_TASK_.
In the data that follows, every line containing the word "Online" should be returned.

_SUPPLIED MATERIAL_.
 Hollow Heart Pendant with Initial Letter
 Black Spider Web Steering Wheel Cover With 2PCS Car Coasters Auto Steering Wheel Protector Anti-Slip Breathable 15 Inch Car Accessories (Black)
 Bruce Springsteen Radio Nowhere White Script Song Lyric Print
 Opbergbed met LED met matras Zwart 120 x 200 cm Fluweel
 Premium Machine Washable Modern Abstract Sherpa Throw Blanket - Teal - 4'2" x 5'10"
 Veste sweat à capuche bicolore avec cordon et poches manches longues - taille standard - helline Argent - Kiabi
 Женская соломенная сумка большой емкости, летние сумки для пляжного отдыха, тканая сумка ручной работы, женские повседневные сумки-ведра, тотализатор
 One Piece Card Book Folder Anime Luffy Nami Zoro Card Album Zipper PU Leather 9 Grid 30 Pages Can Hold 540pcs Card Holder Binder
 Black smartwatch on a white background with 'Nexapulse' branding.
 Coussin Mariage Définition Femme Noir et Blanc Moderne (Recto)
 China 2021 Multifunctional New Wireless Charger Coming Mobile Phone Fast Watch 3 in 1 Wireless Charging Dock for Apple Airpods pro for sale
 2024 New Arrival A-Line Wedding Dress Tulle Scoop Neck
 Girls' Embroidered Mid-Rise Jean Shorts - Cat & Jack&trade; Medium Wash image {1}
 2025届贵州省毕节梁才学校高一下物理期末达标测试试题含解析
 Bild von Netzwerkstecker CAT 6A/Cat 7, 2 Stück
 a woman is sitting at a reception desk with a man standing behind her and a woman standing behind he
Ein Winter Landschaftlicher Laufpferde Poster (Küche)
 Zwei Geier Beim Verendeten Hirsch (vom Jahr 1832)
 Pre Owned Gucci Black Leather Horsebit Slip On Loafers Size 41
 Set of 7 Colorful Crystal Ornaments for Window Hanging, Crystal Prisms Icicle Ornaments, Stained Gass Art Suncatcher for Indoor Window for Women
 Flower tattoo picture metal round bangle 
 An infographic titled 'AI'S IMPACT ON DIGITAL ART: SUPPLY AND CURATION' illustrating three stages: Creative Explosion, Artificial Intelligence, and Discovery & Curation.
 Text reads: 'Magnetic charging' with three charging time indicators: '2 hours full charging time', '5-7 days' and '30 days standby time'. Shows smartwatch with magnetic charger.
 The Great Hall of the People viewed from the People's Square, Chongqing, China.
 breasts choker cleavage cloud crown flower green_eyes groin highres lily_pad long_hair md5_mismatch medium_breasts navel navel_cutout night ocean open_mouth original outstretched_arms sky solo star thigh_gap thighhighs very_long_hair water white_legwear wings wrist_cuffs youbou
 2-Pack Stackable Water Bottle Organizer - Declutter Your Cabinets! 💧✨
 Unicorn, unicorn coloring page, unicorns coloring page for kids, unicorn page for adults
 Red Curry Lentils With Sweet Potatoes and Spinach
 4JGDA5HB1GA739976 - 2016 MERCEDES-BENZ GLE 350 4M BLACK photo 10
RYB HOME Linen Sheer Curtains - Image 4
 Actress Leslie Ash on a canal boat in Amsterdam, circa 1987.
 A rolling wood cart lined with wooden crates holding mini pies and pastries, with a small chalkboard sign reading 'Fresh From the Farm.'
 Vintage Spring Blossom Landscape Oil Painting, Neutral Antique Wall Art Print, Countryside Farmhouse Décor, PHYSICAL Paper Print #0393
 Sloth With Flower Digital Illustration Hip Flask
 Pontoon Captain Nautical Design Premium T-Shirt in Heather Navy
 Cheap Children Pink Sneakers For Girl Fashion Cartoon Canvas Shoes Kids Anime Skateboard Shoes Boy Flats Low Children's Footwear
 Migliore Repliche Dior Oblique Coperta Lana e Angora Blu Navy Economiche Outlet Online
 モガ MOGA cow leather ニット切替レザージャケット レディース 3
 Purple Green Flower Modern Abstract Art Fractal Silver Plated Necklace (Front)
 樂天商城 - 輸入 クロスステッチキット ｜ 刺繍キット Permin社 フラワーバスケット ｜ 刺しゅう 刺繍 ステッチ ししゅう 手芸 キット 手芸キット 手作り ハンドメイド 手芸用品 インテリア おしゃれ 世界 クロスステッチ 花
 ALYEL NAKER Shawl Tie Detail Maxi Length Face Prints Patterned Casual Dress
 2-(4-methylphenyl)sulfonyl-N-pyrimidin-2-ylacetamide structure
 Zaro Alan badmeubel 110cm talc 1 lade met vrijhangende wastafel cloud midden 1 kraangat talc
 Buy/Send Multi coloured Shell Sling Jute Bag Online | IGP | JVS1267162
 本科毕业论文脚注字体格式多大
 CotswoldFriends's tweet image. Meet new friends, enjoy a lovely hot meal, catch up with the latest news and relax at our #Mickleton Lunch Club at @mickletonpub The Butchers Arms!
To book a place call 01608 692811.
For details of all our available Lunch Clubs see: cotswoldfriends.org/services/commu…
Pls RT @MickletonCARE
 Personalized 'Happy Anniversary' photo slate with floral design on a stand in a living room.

_EXERCISE ANSWER_.
 Migliore Repliche Dior Oblique Coperta Lana e Angora Blu Navy Economiche Outlet Online
 Buy/Send Multi coloured Shell Sling Jute Bag Online | IGP | JVS1267162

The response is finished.